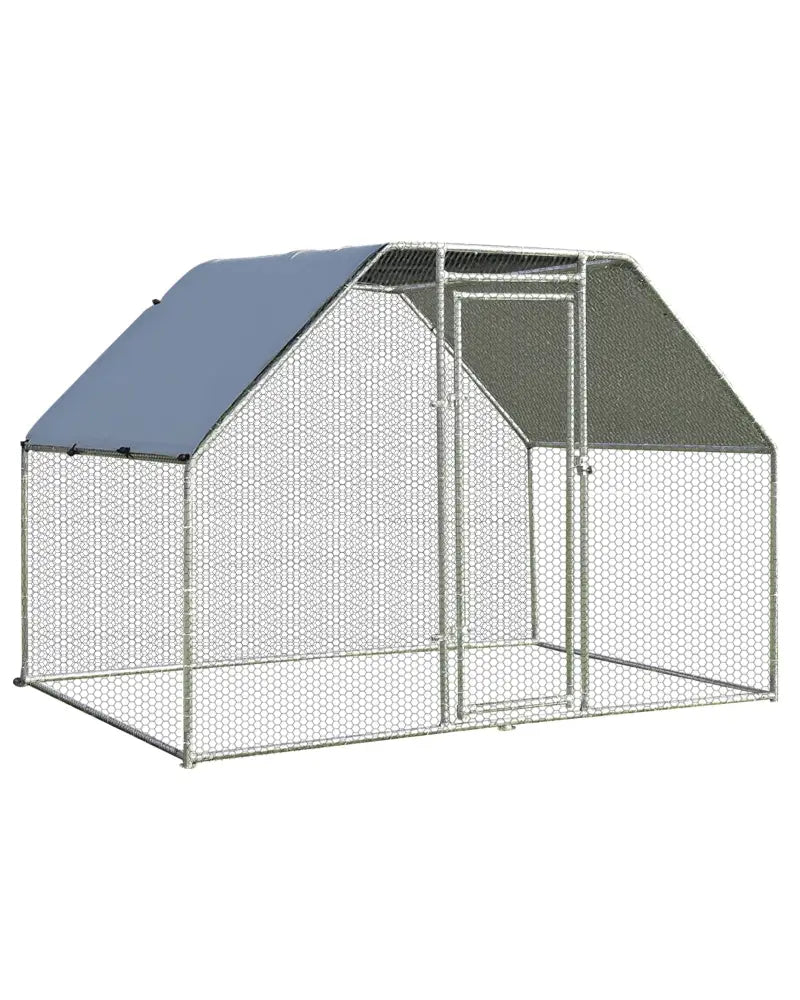 9.5 x 6.5 Feet Large Walk In Chicken Run Cage - Silver - Chicken Coops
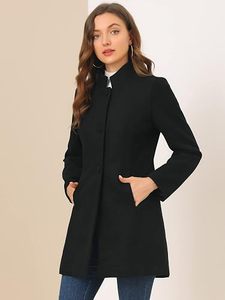 Manteau long en laine noir pour femme, col cranté, simple boutonnage, décontracté, pour l'automne - Product Image 3
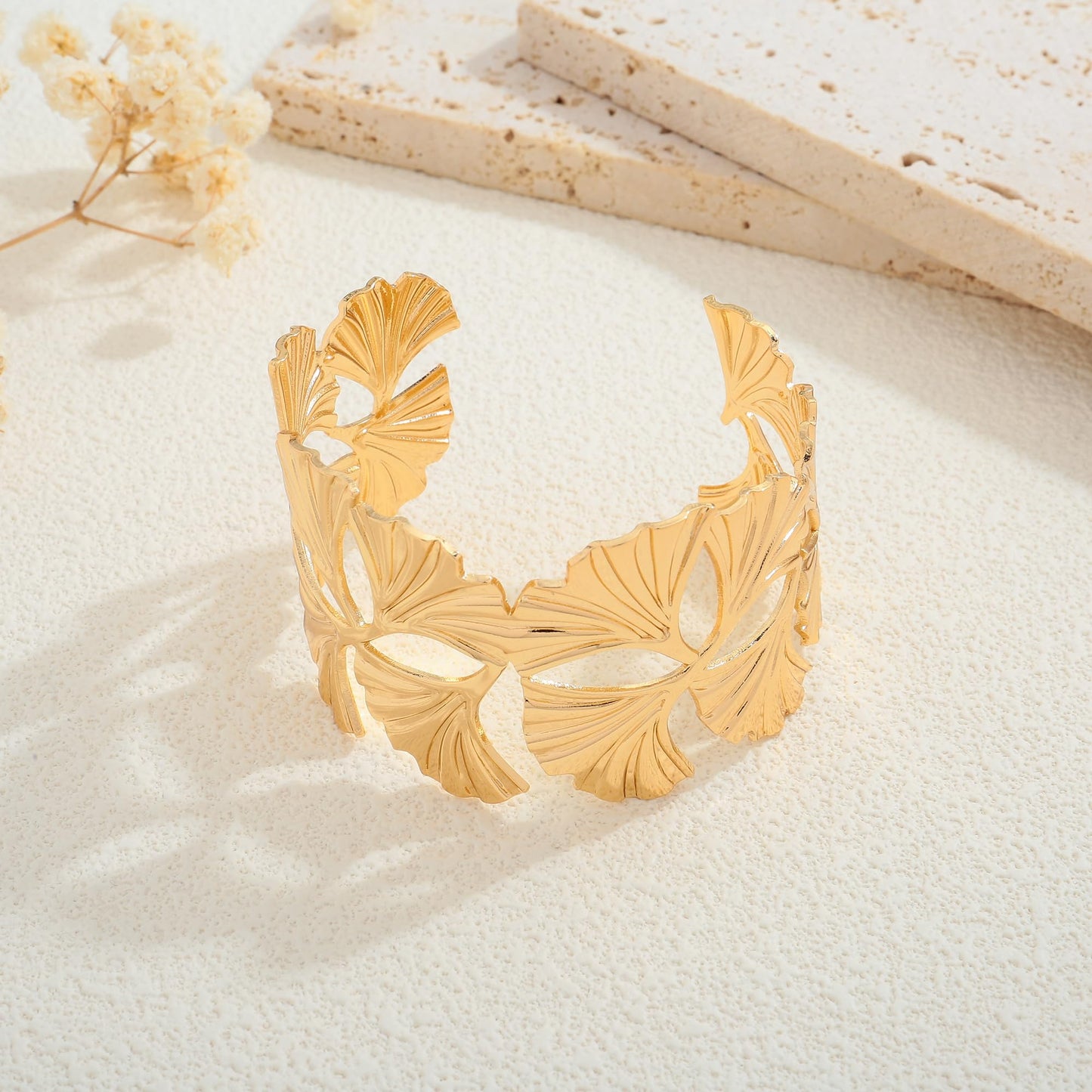 WOWORAMA Chunky Gold Cuff Bracelets for Women Vintage Gold Flower Butterfly Bracelet Trendy Boho Wide Open Cuff Bangles Matte Statement Bracelet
********************
WHAT YOU SHOULD DO ▸
From the line containing "Manteau long en" through the last line of the material above, write out each line exactly, leaving aside all pictures.

EXERCISE SOLUTION ▸
 Manteau long en laine noir pour femme, col cranté, simple boutonnage, décontracté, pour l'automne - Product Image 3
 WOWORAMA Chunky Gold Cuff Bracelets for Women Vintage Gold Flower Butterfly Bracelet Trendy Boho Wide Open Cuff Bangles Matte Statement Bracelet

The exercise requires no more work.